TASK GOAL: Since pictures are not part of the copy, please output only the lines from the one with "ヴィヴィアンウエストウッドVivienne Westwood ウールフラワーエンブロイダリーチェックキャスケット" through the end of the data below, exactly as written.

PROVIDED INFORMATION:
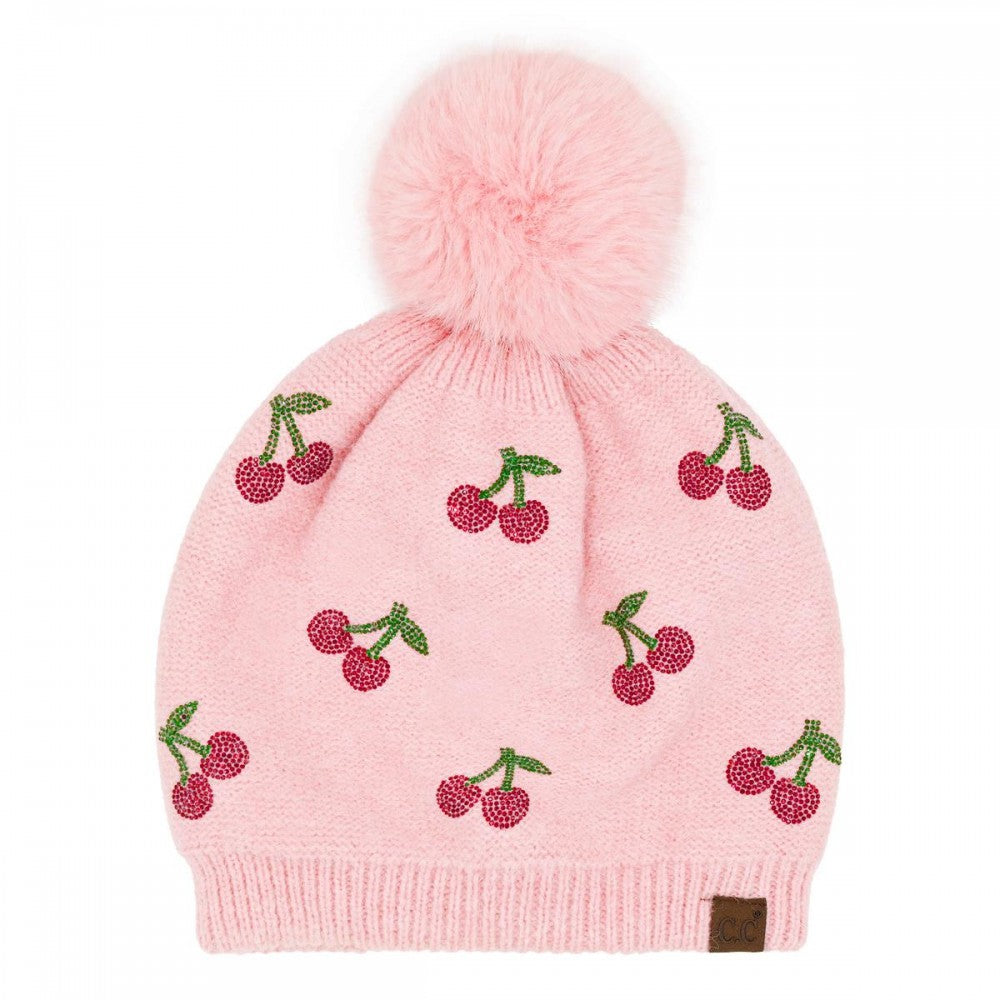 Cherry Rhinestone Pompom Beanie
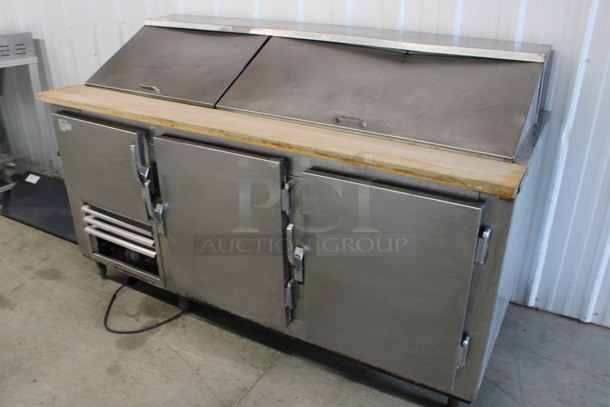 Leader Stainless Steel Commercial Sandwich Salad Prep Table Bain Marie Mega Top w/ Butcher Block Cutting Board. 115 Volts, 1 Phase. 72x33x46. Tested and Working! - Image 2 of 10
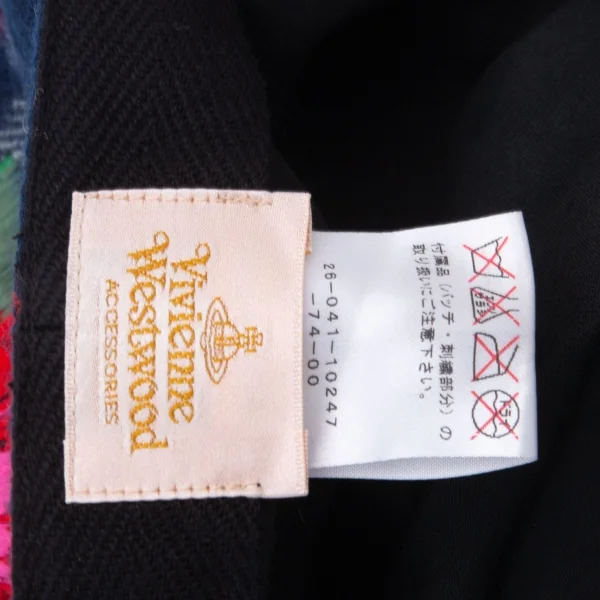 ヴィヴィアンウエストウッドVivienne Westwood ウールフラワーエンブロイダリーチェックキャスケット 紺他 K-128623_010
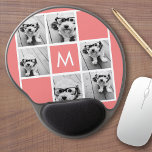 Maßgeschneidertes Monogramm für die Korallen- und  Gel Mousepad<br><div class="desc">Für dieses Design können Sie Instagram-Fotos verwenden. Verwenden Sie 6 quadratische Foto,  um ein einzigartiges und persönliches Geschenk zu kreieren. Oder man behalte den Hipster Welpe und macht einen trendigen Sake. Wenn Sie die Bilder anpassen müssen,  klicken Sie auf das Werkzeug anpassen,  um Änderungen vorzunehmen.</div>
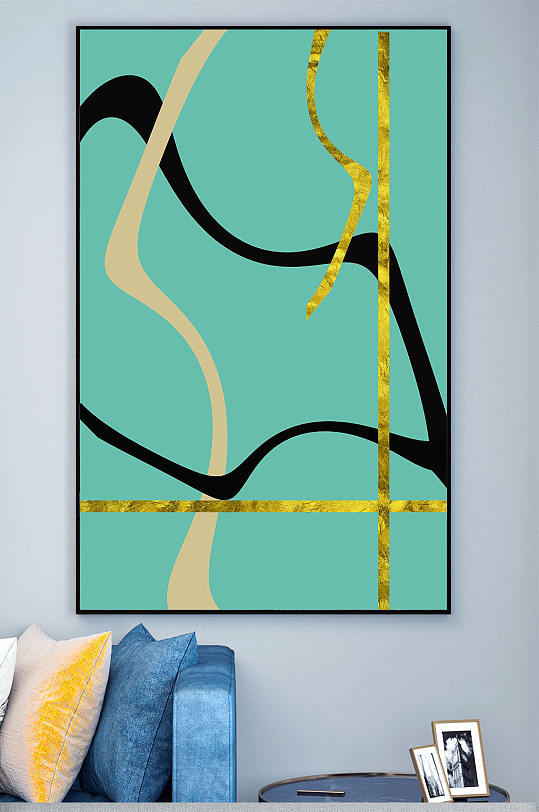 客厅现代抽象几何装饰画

EXERCISE RESULT:
 ヴィヴィアンウエストウッドVivienne Westwood ウールフラワーエンブロイダリーチェックキャスケット 紺他 K-128623_010
 Maßgeschneidertes Monogramm für die Korallen- und  Gel Mousepad<br><div class="desc">Für dieses Design können Sie Instagram-Fotos verwenden. Verwenden Sie 6 quadratische Foto,  um ein einzigartiges und persönliches Geschenk zu kreieren. Oder man behalte den Hipster Welpe und macht einen trendigen Sake. Wenn Sie die Bilder anpassen müssen,  klicken Sie auf das Werkzeug anpassen,  um Änderungen vorzunehmen.</div>
 客厅现代抽象几何装饰画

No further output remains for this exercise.